El reparto funciona como la médula del film. Antonio Fernández Gabarre encarna a Toni con una naturalidad desarmante: su adolescencia está filmada no como metáfora, sino como vida en presente. Junto a él, Jesús Fernández Silva construye un abuelo orgulloso y terco, que se niega a abandonar su parcela aunque sepa que el derribo es inevitable. Sus silencios, la manera de sostener un gesto, transmiten más que cualquier discurso. Bilal Sedraoui y Luis Bértolo completan un entorno que rodea, tensa y empuja al protagonista, sin robarle el foco. El uso de actores no profesionales no busca el exotismo, sino una autenticidad radical que sostiene cada plano.
El ritmo del film es lento, insistente, marcado por la repetición de los días y las noches. En esa cadencia, Galoe encuentra su fuerza: el espectador atraviesa los mismos caminos de tierra, ve encenderse las mismas hogueras, escucha las mismas voces, hasta que lo cotidiano se vuelve monumental. La falta de electricidad es clave en la puesta en escena: la noche nunca es silencio, es territorio de sombras, linternas y brasas. En esas penumbras, las leyendas de la infancia de Toni cobran vida, como si la oralidad de la comunidad se filtrara en la película misma.
La trama es mínima y, por eso, contundente. Un asentamiento irregular, el más grande de Europa, está a punto de desaparecer por los derribos. El abuelo se niega a marcharse, y Toni debe decidir entre el apego al mundo que se deshace o el salto a un futuro incierto. El guion evita la tentación del panfleto o la denuncia explícita: se construye a base de gestos, de silencios, de pequeños acontecimientos que van sumando un destino. La elipsis y el fuera de campo son esenciales: las oficinas y los papeles que deciden la vida de los protagonistas nunca aparecen, pero se sienten. Lo que sí está, con toda su fuerza, es la dignidad cotidiana de quienes levantan un hogar con lo que otros desechan.
La fotografía de Rui Poças convierte el asentamiento en un espacio vivo. Los días son ásperos, bañados por una luz apagada que subraya la precariedad sin estetizarla. Las noches respiran con luces mínimas: bombillas robadas, faros de coche, fuegos improvisados. La cámara nunca embellece ni humilla: se mantiene a una distancia justa, dejando que la vida se deposite en el encuadre. Poças refuerza la mirada de Galoe: la oscuridad no es ausencia, es materia dramática.
El trabajo de arte y atrezo es profundamente narrativo. Cada objeto tiene un peso emocional: la chatarra no es solo un oficio, es el paisaje identitario de una familia. Puertas que hacen de muros, lonas que se transforman en techos, electrodomésticos abiertos convertidos en bancos. La mudanza, en este contexto, no es logística, es cirugía de la memoria: elegir qué se guarda y qué se pierde.

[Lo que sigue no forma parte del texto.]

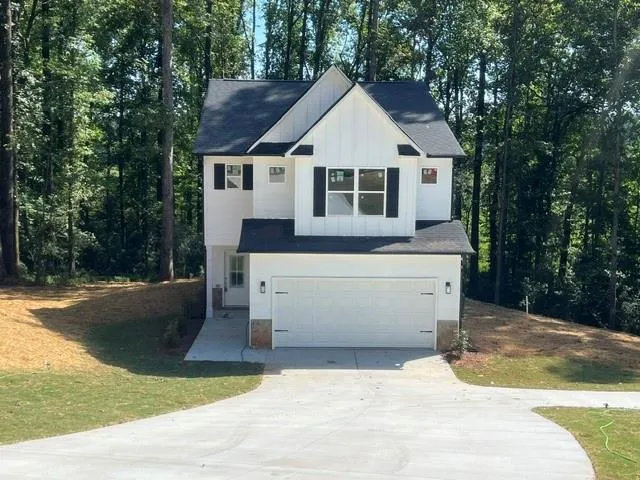 White vertical siding with black shutters, attached two-car garage with stone accents, black shingle roof, concrete driveway, and mature trees surrounding the property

La música es mínima, pero el sonido construye la película. Perros ladrando a lo lejos, excavadoras acercándose como una amenaza, trenes que pasan como promesas de escape, el chisporroteo de un fuego. Galoe entiende que en este universo el sonido es el verdadero narrador: la banda sonora no acompaña, el mundo mismo resuena.
Ciudad sin sueño dialoga con el cine social europeo de los Dardenne o de Ken Loach, en su retrato de comunidades desplazadas por un sistema que nunca las ve. Pero se diferencia en su capacidad poética: las sombras, los silencios, la mirada infantil acercan más la película a Sean Baker o a un Kore-eda en clave periférica. También conecta con cierta tradición española reciente que mira la marginalidad con respeto, como Arantxa Echevarría en Carmen y Lola o Isaki Lacuesta en Entre dos aguas, aunque Galoe opta por un tono más áspero, menos cercano a la luminosidad y más a la penumbra.
Como obra, Ciudad sin sueño ocupa un lugar importante en el cine español contemporáneo. Su relevancia no está solo en lo que cuenta, sino en cómo lo cuenta: sin sentimentalismo, sin manipulación, con ética en cada decisión formal. Es una película que devuelve visibilidad a un mundo oculto, pero sin convertirlo en decorado. Su valor radica en situar a un adolescente gitano no como objeto de mirada, sino como sujeto que decide y carga con la historia. En un momento en que las narrativas sobre marginalidad suelen caer en el cliché o la explotación, este film apuesta por la honestidad radical.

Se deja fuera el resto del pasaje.